I don't remember them having the kiddy fiddling figures, but I believe that is one type of crime that is not well correlated with SES status and the like, so increases in kiddy sexual assault crime are not going to tell you much about the reasons for other types of crime anyway.

Another reason I suspect that a lot of the effect is just due to to aging is that crime has also been reducing in France (and other European crime hotspots) for quite a few years (despite what one would believe from the "be-tough" government) -- I believe since the mid 90s if I remember correctly.

However, although abortion was legalized in France at a similar time as Australia (1970), they had additional social problems that Australia doesn't have, which would have created really large amounts of low SES groups for years after Australia reduced their creation.

Despite this, the crime rate has fallen, despite social conditions still being poor for many. SInce the fall began a bit earlier than Australia and the population is a bit older, I can only attribute it to people being less motivated to commit crime due to factors like age.

Further cross-country comparisons might be useful in this respect to see whether the same pattern holds.

hc said...

Conrad, That's a fantastic ABS graphic. Particularly if you highlight the surplus of males or females in the pyramid and trace out the evolution. There are going to be quite a few randy young men without partmers as we move towards 2050 and many partnerless older ladies.

Testing for age-structure effects on crime iusing cross country regressions could presumably be carried out in a way similar to testing the impact of abortion laws in different US states. Its a reasonable hypothesis.

I suspect the aging effects are less in the US where fertility has remained high. But the crime rate there has fallen dramatically in recent years.

hc said...

Conrad, I wonder if the story isn't simpler than the Donohue, Levitt tale. Australia has enjoyed an expansion for 14 consecutive years, there is record low unemployment and, yes, factors like population aging and legal abortions have a role.

By the way Foote and Goetz recognise that having ferwer young makles will reduce the crime rate. In fact they say that is the only effect that D-L are picling up. D-L say such effects account for 40% of the reduction in violent crime.
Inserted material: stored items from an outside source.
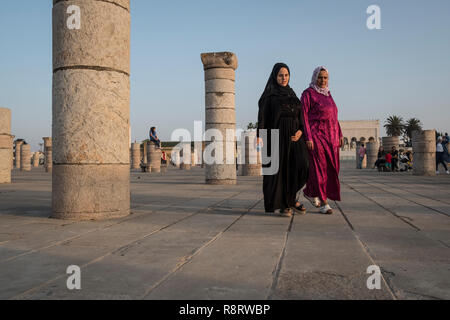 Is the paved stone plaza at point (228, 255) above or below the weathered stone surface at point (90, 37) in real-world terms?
below

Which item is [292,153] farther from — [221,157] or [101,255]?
[221,157]

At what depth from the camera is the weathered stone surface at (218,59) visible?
11.8 m

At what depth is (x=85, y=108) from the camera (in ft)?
16.2

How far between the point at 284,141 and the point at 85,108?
262 centimetres

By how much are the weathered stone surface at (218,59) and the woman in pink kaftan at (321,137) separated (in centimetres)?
631

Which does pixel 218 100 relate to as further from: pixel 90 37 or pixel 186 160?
pixel 186 160

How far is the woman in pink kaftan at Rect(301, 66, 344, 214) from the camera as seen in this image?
5684 millimetres

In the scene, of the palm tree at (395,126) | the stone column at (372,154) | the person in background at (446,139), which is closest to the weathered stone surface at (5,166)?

See the post that follows this for the gory details.

Anonymous said...

I'm sure its partly due to economic growth too, as that has kept the unemployment rate of young males down, who are the ones causing all the crime (and especially crime in Australia -- if you saw the OECD report that came out yesterday).
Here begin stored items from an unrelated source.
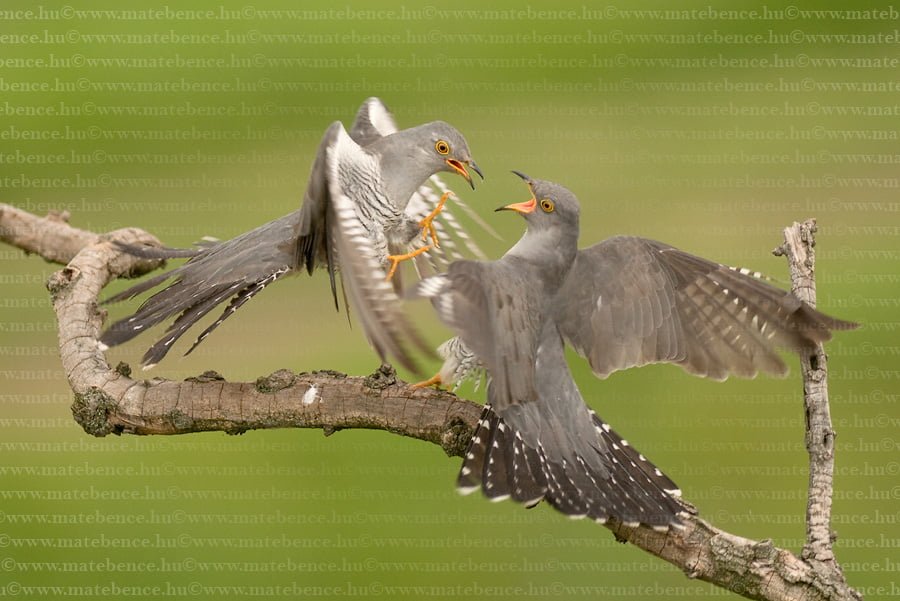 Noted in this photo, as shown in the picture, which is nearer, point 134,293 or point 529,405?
point 529,405

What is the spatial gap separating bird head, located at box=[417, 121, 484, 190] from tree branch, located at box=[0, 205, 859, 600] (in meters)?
0.85

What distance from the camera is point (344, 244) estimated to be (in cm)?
294

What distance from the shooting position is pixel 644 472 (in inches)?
116

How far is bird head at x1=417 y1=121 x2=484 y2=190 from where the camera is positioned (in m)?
3.58

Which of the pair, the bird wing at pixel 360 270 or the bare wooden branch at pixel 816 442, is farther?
the bare wooden branch at pixel 816 442

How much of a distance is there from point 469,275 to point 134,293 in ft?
3.56

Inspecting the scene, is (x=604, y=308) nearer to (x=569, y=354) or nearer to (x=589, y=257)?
(x=589, y=257)

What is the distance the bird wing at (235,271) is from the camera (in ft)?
9.92

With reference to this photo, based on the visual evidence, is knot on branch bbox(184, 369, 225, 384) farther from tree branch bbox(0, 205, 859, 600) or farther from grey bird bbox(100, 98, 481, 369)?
grey bird bbox(100, 98, 481, 369)

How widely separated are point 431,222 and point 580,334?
0.74 m

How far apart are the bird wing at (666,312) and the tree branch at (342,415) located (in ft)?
1.29

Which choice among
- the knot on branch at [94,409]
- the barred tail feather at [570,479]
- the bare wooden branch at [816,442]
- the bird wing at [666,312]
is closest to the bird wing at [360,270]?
the barred tail feather at [570,479]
Alternatively, there has been a reduction in crime in many countries where they have had much less growth, different social conditions, and different policies (like France, excluding late 2005 and 2006 :).
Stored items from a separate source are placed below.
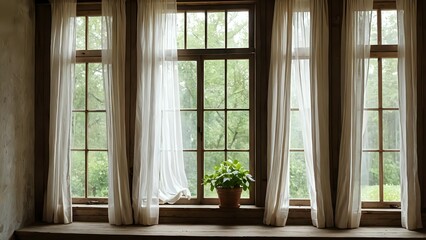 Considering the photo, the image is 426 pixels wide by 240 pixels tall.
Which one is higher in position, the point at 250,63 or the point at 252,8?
the point at 252,8

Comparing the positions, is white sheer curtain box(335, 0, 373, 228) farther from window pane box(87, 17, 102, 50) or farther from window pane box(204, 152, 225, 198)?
window pane box(87, 17, 102, 50)

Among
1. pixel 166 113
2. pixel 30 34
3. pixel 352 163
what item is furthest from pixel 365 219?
pixel 30 34

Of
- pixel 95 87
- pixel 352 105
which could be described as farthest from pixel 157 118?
pixel 352 105

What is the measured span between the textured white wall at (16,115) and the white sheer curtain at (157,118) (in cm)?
116

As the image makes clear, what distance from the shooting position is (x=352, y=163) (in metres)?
4.20

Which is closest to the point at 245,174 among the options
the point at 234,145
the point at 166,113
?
the point at 234,145

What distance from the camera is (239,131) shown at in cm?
457

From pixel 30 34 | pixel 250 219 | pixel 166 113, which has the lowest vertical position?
pixel 250 219

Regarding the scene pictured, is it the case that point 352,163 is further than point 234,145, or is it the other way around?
point 234,145

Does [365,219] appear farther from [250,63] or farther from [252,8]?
[252,8]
I don't see any great similarity in the policies across countries (or economic conditions), but you still have the same effect, which is why I suspect that a fair chunk of the reduction is due to things that are not due governments finding good solutions (although there are sure to be examples where it has helped), but just shifts in demographic patterns (like unemployment moving to older males and people just getting older overall).

In fact, if you didn't get such a reduction from the aging of the population, it would be very surprising, since it would suggest that for some reason there is a qualitative shift in crime patterns. Thus a null effect in this situation should really be taken as poor government policy.